Mehmet Küçükbeycan dedi ki...

Aynen söylediğin gibi durum bir “liquidity trap”tir. Amerika’da FED faizi 1,50 ve enflasyon 4,5 civarında yani reel faiz eksi. Bu durumda, faizleri daha da düşürmenin etkisi yok denilebilir. Bununla birlikte piyasaya para verdikçe, bu paranın yeni bir “bubble” yaratması muhtemel. “Dot-com” krizi sonrası Greenspan’in faiz politikası ile oluşan ve geçen yaz patlayan emlak balonunda olduğu gibi.

Soruna gelirsek önce süreci hatırlayalım. “Dot-com” krizi sonrasında o zamanki para politikasının başı Greenspan faizleri indirmeye başladı. Deflasyon riski sebebiyle de 2003 ile 2004 arasında yaklaşık 1 yıl (yani gereğinden uzun bir süre) faizleri yüzde 1 oranına sabitledi. 2004’ün ikinci yarısından itibaren adım adım faizler tekrar yüzde 5,25’e kadar yükseldi. ABD’nin büyümesi tam da bu dönemde yavaşlamaya başlıyor. 2004 yılında pik yapan yıllık büyüme yüzdesi, bu süreçten sonra azalmaya başlıyor.

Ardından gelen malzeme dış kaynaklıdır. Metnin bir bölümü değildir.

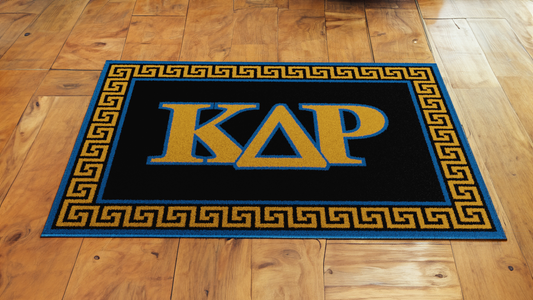 Kappa Delta Rho "Letters" Rug (5'4" x  7'8") - Greek-Rugs.com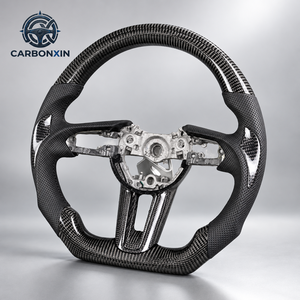 Volant sport à fond plat 3 branches personnalisé pour Mazda Mazda 3/6/CX3/CX4/CX5/CX50/CX30/CX8/CX9/CX90 - Fibre de carbone - Product Image 3
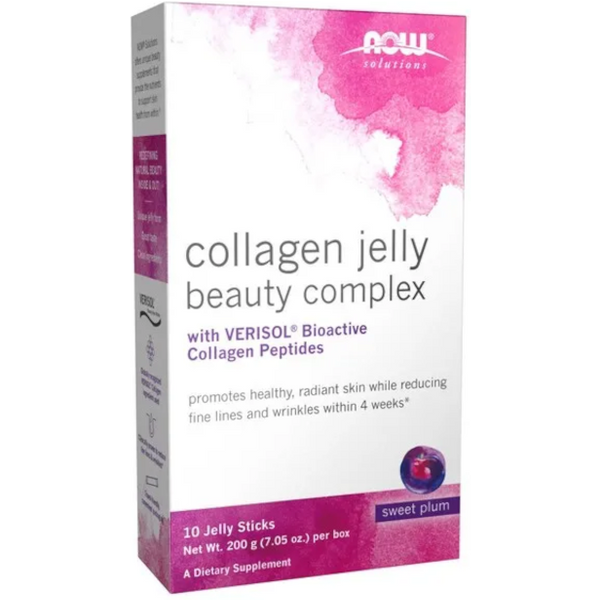 Skóra, Włosy i Paznokcie Kolagen Now Foods Collagen Jelly Beauty Complex 10 żelek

ABD’nin büyümedeki ana kaynağı iç taleptir. Şu anda ABD’linin sokağa çıkıp harcayacak parası yok. Yaz başında vergi iadesi adı altında hane halkına dağıtılan paranın etkisi geçti ve durgunluk yüzünü tekrar gösterdi. Geçen hafta açıklanan verilere göre Ağustos ayında sanayi üretimi yüzde 1,1 düştü. Borçları yüzünden iflas etmiş hane halkı tüketmediği sürece ABD durgunluktan çıkamayacaktır.